Work required: Copy exactly the lines of the material below that run from the one containing "Gap Brown Check" through the one containing "카라 롤업 스트링 블라우스". Copy no other lines.

-------- Dataset entries --------

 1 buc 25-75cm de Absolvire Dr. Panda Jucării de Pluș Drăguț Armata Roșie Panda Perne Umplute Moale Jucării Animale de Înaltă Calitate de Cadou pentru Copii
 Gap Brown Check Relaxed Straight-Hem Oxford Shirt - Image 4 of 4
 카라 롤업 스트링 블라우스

--------
-------- Dataset entries --------

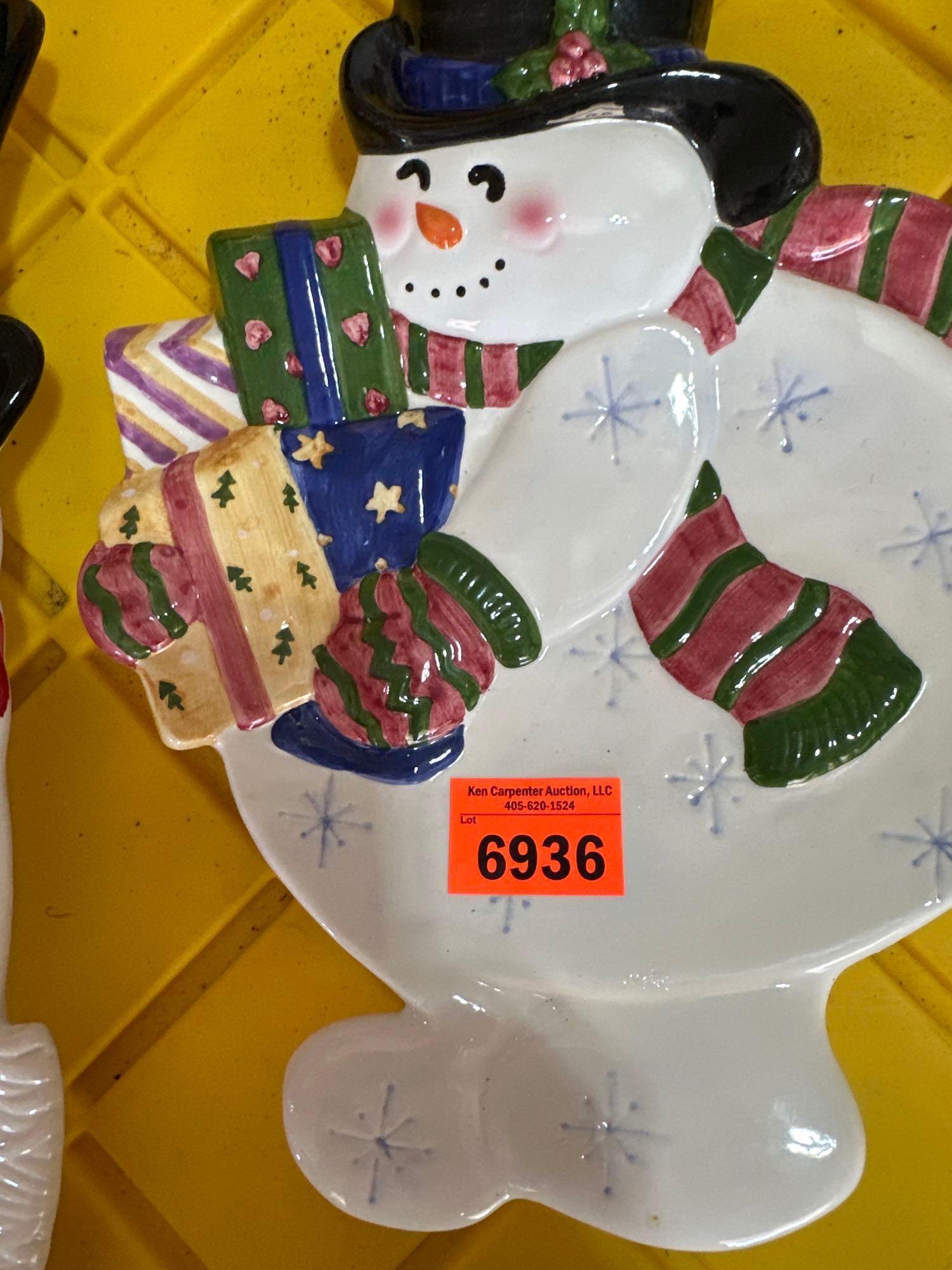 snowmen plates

--------

Finished task:
 Gap Brown Check Relaxed Straight-Hem Oxford Shirt - Image 4 of 4
 카라 롤업 스트링 블라우스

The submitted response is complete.